What! hath he flung thee from his heart love-cloyed

So soon?

HELENE.

I know not: I have come to see.

HEINRICH.

I have no will to fence with thee in words:

All this is idle. Say, wherefore didst thou leave us, And why returning addest scorn to scorn?

HELENE.

Scant claim hast thou to ask; but I will answer.

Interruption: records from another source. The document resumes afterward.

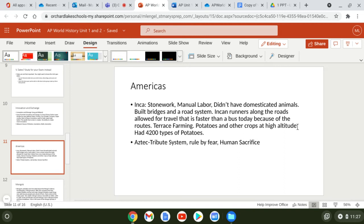The Aztec developed a tribute system where they made tributary states pay them money, gold, and human lives. If you refused to pay, the Aztecs would come in and kill you or take people for human sacrifice.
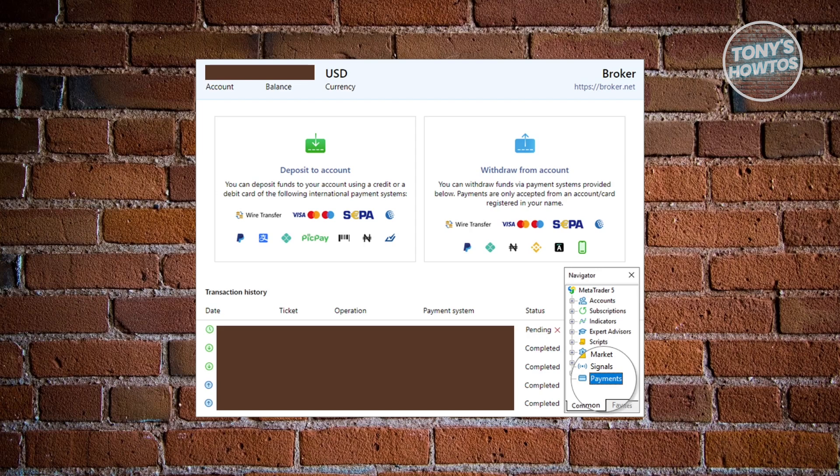Now, inside payments, you should be able to see deposit, withdrawal, and even history. Now, go ahead and choose the option for withdrawal.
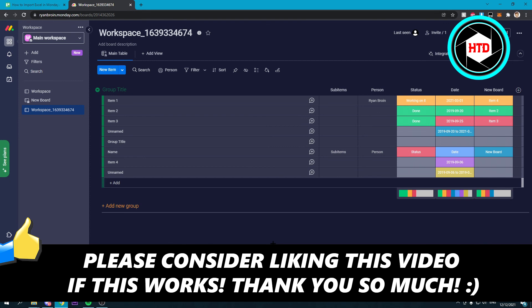I hope this video helped you out. Please leave a like and let me know in the comments if it worked. I'll see you next time. Have a great day.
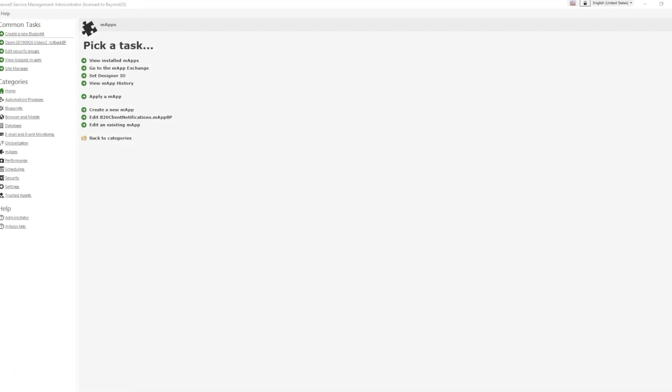Hello, my name is Ryan Tabor and I'm a solutions consultant with BEYOND 20. Today we're going to be looking at the installation and use of the BEYOND 20 Single Page Survey Map.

'Twas for the sake of one who loved me well,

To seek lost treasure.

And lost the love.

I have found the treasure,

HEINRICH.

God help me! so have I.

HELENE.

What scorn is there in this? what wrong to thee?

HEINRICH.

I scarce can look into thine eyes and read
A guilty soul behind them; yet believe me
That by thine action thou hast slain belief,
Slain love of man for woman, friend for friend,
Slain awe, slain reverence, and what else beside

Still breathed of heaven within this earth-bound

breast.

HELENE.

Am I so multiplied in villainies,

So manifold a murderess? Then, slay me.

HEINRICH.

Ah, if I dared! so might we die together.

HELENE.

But why not live? (Aside) Was ever love so blind?

HEINRICH.

So, the rich banquet of Corcilius failing,
Heinrich's half-loaf is better than no bread!

HELENE.

I cannot purge thy vision. Matched with thee
Self-blinded Edipus was Argus-eyed:

By thy bleared sight Tiresias and the rest
Saw keen as Lynceus; for their inward orbs,
Through bodily darkness made more bright, beheld
The viewless things of heaven and thoughts of men,
Falsehood from truth discerning.

Infidel!

Hast thou forgotten what mad dance of doubt
That will-o'-the-wisp Suspicion once ere now
Led thee, and landed in what groundless mire,
And how I chid thee to a nobler mind,
When Arnfeld was the traitor? Now that I
Myself am mark and target for the same
Rash arrow-flight of censure, can I stoop
To prove my own fame stainless, e'en to thee?